Jacobi Symbols
Jacobi Symbols
We have already defined Legendre Symbols. We now extend this concept with fewer restrictions.
| Definition: Let $P, Q \in \mathbb{Z}$ and let $Q = q_1^{e_1}q_2^{e_2}...q_k^{e_k}$ be the prime power factorization of $Q$. Then the Jacobi Symbol of $P$ and $Q$ is defined as $\left ( \frac{P}{Q} \right ) = \left ( \frac{P}{q_1} \right )^{e_1} \left ( \frac{P}{q_2} \right )^{e_2}... \left ( \frac{P}{q_k} \right )^{e_k}$, where the product on the righthand side consists of Legendre symbols. |
We now state some properties of Jacobi symbols.

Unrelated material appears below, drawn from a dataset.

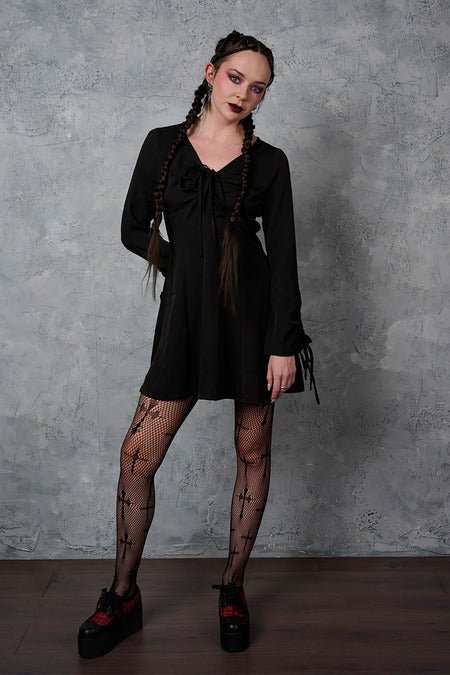 Serpent Seam Dress - Dresses - Banned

| Proposition 1: Let $P, P', Q, Q' \in \mathbb{Z}$. Then: 1. $\left ( \frac{PP'}{Q} \right ) = \left ( \frac{P}{Q} \right ) \left ( \frac{P'}{Q} \right )$. 2. $\left ( \frac{P}{QQ'} \right ) = \left ( \frac{P}{Q} \right) \left ( \frac{P}{Q'} \right )$. 3. If $P \equiv P' \pmod Q$ then $\left ( \frac{P}{Q} \right ) = \left ( \frac{P'}{Q} \right )$. 4. $\left ( \frac{P^2}{Q} \right ) = 1$ and if $(P, Q) = 1$ then $\left ( \frac{P}{Q^2} \right ) = 1$. |
- Proof: Let $Q = q_1^{e_1}q_2^{e_2}...q_s^{e_s}$ and let $Q' = r_1^{f_1}r_2^{f_2}...r_t^{f_t}$.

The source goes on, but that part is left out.